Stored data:
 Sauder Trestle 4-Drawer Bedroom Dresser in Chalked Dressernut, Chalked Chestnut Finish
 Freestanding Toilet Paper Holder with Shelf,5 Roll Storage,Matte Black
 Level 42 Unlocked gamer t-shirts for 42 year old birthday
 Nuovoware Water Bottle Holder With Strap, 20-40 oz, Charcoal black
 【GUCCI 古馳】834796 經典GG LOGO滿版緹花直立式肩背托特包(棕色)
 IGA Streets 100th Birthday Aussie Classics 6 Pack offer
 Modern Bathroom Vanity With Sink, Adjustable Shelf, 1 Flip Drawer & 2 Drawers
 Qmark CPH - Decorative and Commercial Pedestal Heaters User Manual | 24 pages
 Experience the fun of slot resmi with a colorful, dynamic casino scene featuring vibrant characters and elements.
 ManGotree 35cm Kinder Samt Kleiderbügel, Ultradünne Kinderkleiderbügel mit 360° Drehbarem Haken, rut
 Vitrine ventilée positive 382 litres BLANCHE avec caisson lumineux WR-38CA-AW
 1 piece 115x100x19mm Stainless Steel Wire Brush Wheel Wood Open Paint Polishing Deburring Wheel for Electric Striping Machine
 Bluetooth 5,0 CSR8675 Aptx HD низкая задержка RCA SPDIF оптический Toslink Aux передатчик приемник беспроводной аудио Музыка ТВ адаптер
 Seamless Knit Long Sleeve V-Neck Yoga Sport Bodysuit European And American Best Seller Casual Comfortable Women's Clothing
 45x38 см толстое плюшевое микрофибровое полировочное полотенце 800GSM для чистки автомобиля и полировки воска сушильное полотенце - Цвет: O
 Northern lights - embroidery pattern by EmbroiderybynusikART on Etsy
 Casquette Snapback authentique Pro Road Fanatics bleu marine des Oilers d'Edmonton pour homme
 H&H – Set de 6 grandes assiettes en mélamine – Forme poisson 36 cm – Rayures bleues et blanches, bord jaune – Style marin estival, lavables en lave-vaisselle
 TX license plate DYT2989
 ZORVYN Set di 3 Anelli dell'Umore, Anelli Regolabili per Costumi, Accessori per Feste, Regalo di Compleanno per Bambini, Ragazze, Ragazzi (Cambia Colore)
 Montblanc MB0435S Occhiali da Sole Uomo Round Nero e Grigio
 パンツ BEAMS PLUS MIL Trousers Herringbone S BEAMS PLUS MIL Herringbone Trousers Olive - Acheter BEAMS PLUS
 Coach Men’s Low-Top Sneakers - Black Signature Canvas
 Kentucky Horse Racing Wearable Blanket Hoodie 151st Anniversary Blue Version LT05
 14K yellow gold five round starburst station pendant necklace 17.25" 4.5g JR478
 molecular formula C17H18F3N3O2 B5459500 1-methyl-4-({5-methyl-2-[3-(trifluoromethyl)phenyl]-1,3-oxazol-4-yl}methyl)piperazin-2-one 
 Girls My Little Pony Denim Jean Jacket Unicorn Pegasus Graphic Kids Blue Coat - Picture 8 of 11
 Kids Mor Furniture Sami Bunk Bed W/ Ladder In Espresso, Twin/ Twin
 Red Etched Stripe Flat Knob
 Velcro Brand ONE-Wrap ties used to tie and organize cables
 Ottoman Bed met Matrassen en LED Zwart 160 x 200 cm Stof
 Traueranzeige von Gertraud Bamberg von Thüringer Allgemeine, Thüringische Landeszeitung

### [Work instructions]
The answer must consist of every line from the data that holds the string "Holder".

### [Answer to this task]
 Freestanding Toilet Paper Holder with Shelf,5 Roll Storage,Matte Black
 Nuovoware Water Bottle Holder With Strap, 20-40 oz, Charcoal black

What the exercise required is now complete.